What Facebook is building may be just…a building

  

SAN JOSE, Calif. – Like many other tech journalists, I got an invite this week to a Jan. 15 press conference at Facebook headquarters. The invite says, “Come and see what we’re building.”

Within minutes the tech press started speculating on the news. Facebook is providing no details, a fact that throws kerosene on speculation that has ranged from a Facebook phone to a new partnership or service.

My top guess is this is related to the Open Compute Summit, the regular event Facebook hosts around open source design for its data center systems. It’s a reasonable guess since the summit starts the day after the press conference. At a Facebook holiday gathering for the media, two representatives of the social networking giant said they have big news in store for the event.

I have a couple ideas about what would be big news at that summit. The main one is a new member with lots of clout. That’s a pretty high hurdle on a number of fronts.

If an Amazon, Google or Microsoft joined, it would really give the push for open data center design specs a huge boost. But that’s very unlikely given those companies continue to signal they believe they can get an edge in building faster, lower cost and lower power data centers by keeping their designs secret.

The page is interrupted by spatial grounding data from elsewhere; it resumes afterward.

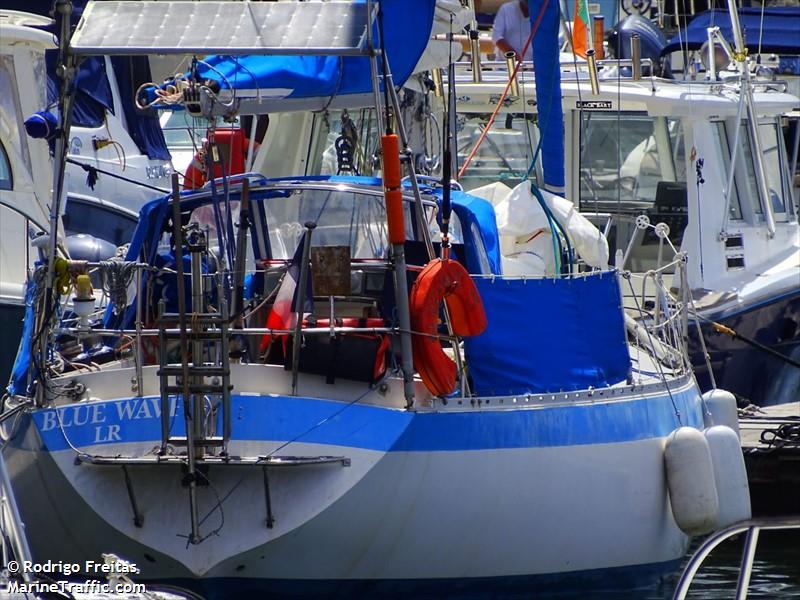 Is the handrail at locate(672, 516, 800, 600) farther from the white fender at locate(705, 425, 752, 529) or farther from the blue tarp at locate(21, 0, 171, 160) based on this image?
the blue tarp at locate(21, 0, 171, 160)

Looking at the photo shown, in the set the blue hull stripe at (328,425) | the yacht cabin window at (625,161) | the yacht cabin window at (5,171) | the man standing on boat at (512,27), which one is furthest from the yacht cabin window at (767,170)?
the blue hull stripe at (328,425)

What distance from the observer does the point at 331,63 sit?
920 centimetres

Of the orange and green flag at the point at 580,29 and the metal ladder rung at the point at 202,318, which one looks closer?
the metal ladder rung at the point at 202,318

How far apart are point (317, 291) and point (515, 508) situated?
57.3 inches

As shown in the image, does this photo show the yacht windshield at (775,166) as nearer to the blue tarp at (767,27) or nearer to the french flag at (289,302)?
the blue tarp at (767,27)

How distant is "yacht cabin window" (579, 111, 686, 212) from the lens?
47.1ft

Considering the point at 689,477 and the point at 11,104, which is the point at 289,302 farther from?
the point at 11,104

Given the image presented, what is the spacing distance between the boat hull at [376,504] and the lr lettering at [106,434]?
0.04 metres

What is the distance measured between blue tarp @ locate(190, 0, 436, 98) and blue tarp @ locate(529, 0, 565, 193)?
1.71 m

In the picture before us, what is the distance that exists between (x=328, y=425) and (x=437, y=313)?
80 centimetres

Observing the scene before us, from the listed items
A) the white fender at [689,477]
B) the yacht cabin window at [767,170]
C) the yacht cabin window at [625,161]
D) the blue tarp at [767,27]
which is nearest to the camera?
the white fender at [689,477]

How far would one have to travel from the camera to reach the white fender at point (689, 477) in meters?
8.63

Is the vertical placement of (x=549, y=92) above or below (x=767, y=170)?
above

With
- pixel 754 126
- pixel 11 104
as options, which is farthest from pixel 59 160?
pixel 754 126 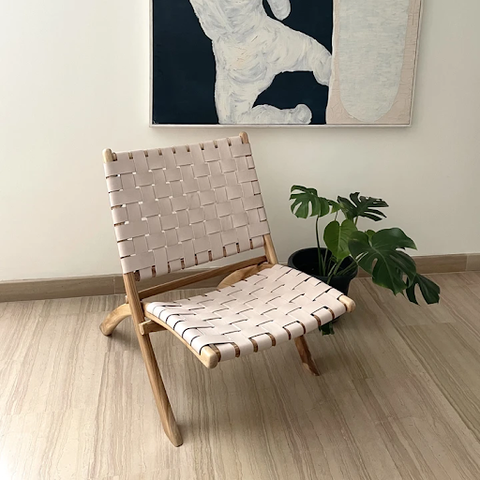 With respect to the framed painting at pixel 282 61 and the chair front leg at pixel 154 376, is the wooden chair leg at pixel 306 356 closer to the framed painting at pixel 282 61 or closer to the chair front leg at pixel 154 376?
the chair front leg at pixel 154 376

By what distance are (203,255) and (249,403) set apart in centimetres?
54

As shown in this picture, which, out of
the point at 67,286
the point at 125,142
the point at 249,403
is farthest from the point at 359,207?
the point at 67,286

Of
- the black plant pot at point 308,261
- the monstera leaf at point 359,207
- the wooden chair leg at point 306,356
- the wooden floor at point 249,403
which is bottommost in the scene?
the wooden floor at point 249,403

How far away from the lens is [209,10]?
2.35 meters

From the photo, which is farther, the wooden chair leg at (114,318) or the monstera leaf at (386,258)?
the wooden chair leg at (114,318)

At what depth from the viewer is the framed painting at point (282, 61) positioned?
238 cm

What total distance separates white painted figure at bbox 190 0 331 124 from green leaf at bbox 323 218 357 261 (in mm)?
598

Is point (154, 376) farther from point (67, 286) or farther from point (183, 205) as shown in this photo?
point (67, 286)

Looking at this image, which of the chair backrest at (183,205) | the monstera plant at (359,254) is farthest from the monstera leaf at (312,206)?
the chair backrest at (183,205)

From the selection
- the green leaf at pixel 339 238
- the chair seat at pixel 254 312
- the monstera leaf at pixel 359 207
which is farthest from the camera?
the monstera leaf at pixel 359 207

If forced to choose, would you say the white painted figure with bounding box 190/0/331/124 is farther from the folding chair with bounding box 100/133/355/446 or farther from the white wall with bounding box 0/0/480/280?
the folding chair with bounding box 100/133/355/446

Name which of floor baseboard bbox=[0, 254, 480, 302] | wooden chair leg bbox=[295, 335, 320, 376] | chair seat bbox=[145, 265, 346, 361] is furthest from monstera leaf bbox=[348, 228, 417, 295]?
floor baseboard bbox=[0, 254, 480, 302]

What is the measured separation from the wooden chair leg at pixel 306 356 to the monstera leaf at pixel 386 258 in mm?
396

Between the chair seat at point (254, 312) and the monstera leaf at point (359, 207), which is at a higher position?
the monstera leaf at point (359, 207) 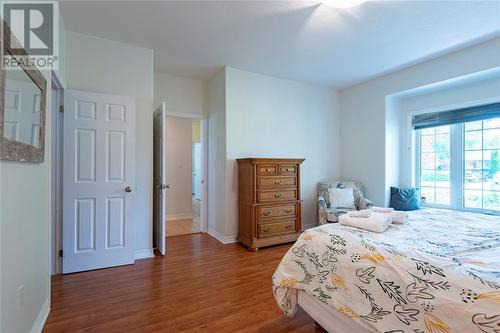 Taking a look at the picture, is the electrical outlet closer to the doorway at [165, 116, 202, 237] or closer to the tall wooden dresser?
the tall wooden dresser

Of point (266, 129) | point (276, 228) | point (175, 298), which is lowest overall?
point (175, 298)

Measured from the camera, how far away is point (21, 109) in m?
1.42

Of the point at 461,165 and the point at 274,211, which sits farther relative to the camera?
the point at 274,211

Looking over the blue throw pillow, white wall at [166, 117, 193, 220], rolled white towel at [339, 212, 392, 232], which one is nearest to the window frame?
the blue throw pillow

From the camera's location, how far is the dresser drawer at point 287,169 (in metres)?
3.68

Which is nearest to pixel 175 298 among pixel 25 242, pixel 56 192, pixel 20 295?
pixel 20 295

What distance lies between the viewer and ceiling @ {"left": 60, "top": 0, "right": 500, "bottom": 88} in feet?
7.56

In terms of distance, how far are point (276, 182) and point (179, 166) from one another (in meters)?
2.66

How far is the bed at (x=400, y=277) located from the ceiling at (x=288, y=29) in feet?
6.44

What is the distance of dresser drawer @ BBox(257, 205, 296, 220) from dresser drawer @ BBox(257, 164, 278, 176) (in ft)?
1.62

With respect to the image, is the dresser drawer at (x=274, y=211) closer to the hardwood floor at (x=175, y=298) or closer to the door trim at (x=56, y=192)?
the hardwood floor at (x=175, y=298)

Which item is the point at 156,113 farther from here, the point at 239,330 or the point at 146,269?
the point at 239,330

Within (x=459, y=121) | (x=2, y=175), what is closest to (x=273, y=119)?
(x=459, y=121)

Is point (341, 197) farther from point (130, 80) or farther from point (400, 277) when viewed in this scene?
point (130, 80)
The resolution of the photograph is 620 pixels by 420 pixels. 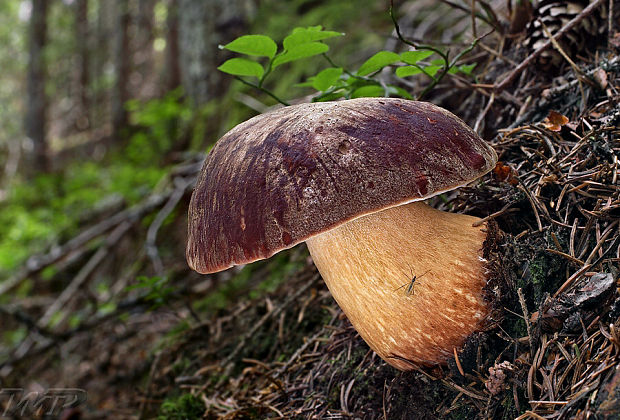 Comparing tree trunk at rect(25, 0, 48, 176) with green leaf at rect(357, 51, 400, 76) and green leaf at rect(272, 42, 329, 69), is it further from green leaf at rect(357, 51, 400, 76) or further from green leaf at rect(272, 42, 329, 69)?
green leaf at rect(357, 51, 400, 76)

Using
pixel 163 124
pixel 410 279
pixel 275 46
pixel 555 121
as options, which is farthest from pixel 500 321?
pixel 163 124

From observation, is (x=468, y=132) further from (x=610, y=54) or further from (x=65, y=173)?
(x=65, y=173)

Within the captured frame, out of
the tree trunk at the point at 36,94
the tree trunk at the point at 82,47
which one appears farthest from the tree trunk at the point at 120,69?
the tree trunk at the point at 82,47

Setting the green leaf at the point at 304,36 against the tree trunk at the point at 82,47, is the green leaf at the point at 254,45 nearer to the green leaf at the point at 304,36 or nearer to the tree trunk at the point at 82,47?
the green leaf at the point at 304,36

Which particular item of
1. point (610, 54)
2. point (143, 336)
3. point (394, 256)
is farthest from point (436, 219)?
point (143, 336)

China’s Tencent and Baidu are working with the project at some level. It’s possible another data center player of that ilk, such as eBay, might join the project. I would call that medium-sized news.

Among tech partners, Facebook already has most of the chip and systems companies falling all over each other to support them. Backers include an Intel general manager and Arista Networks founder on the Open Compute board and event sponsors such as AMD, Applied Micro, Calxeda, Dell, HP, as well as top disk and solid-state drive makers and contract manufacturers.

Among the few conspicuously missing names are IBM and Oracle. But such a partnership is not big enough to warrant a press event for everyone from the Wall Street Journal on down, and it would only irk the many other tech partners left out of the party.

It’s too early for Facebook to make any big commitments to a radical new direction like ARM servers. It will take another year or two to finish creating the 64-bit chips data centers need to go big on ARM—and even longer to get the systems and software right.